First arriving on the UK scene in 2009, Al Wootton notched up a number of underground hits under his Deadboy alias on labels including Numbers and Well Rounded. His floor-focused verve and deft application of cute, catchy R&B samples sounded fresh in the face of dubstep’s increasingly murky (and often moodily masculine) trajectory. Tracks like “If U Want Me” and “U Cheated” borrowed from the blossoming UK funky scene and would be lumped in alongside everything from the ill-fated future-garage revival to the so-called tropical sound. Ultimately, though, they formed part of a shift that helped open up audiences to the experimental approach of dubstep-adjacent artists like Peverelist, 2562, and Martyn, who had taken to dialling up the dub elements in dub techno.

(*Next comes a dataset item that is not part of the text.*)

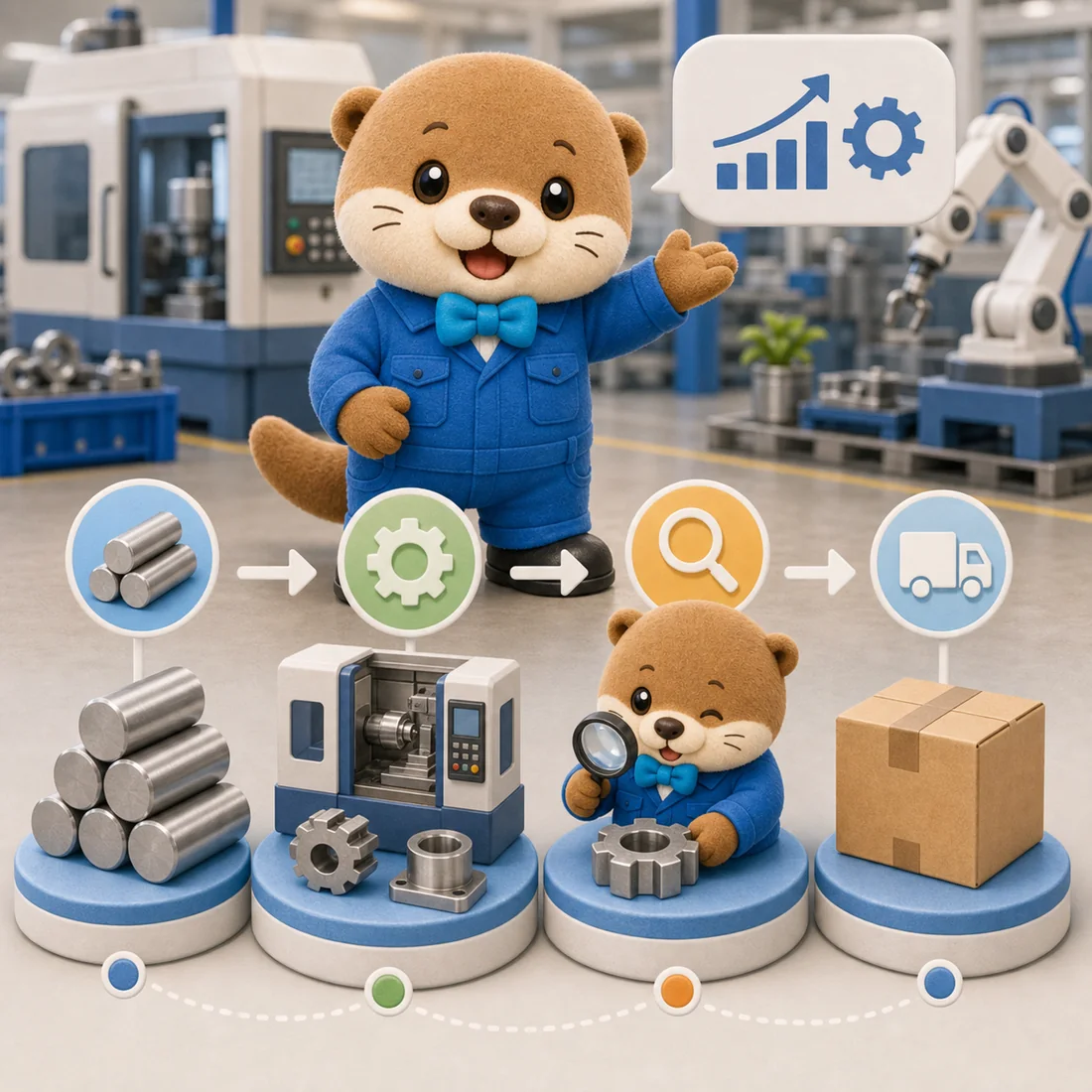 製造工程の案内で使うカワウソのキャラクターイラスト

It’s this hinterland that Wootton, having retired the Deadboy moniker, explores on his debut LP under his own name, Witness.

Arriving via Trule—Wootton’s own label, which, in its two short years, has established itself as a buy-on-sight imprint—the album is the product of a couple of particularly fertile weeks in his newly established home studio out on England’s East Coast. Moving from digi-dub to burbling garage, breaks, ravey chords, four-to-the-floor sunrise anthems, and, finally, an impeccable dub-techno workout on closer “Cephas,” Witness offers its own chronology of UK club music. The reality isn’t quite that neat a journey, of course, but the ground Wootton manages to cover in just shy of 40 minutes is impressive; that he does so without the music ever feeling forced is more so.

Sometimes, he squeezes this broad sweep into a single track: “Over,” with its melange of plump kicks, incidental synths, and occasional flourish of breakbeats, feels like a microcosm of the album as a whole. Tracks like “Sema” and “Witness” are more singularly focused—the former a gloopy drum’n’bass stepper, the latter swung 2-step—but connect with the rest of the album via Wootton’s signature airy pads that drift from track to track throughout. The lasting impression is of Wootton’s deep attachment to the UK’s ever-evolving electronic underground. With shared club spaces in peril like never before, the record provides an opportune cross-section of the island nation’s rich dance-music history.

It’s ironic that Wootton should produce this ode to UK dance music having decamped from the friction and buzz of the capital to the relatively sleepy environs of Ramsgate—a coastal town on the country’s Eastern shore, probably most famous today for its depressing cameo in the latest season of Top Boy. While for the most part this physical distance is immaterial, Witness does lack one of clubbing’s “What the fuck is this?” moments—the sort of ear-popping tune that makes you screw up your face mid-drinks order and cast a desperate glance at the DJ booth in the vain hope of discovering just what it is you’re hearing. For seasoned dance-music fans, there’s nothing here that won’t already sound in some way familiar. Given the relentless pace of UK dance music’s evolution, this might be taken as a criticism, but it needn’t be: Sometimes it’s fine to have a little more of a good thing. And in that sense, Witness manages the sometimes tricky tussle between healthy microdoses of nostalgia and the rush of the new with magnetic, full-hearted aplomb.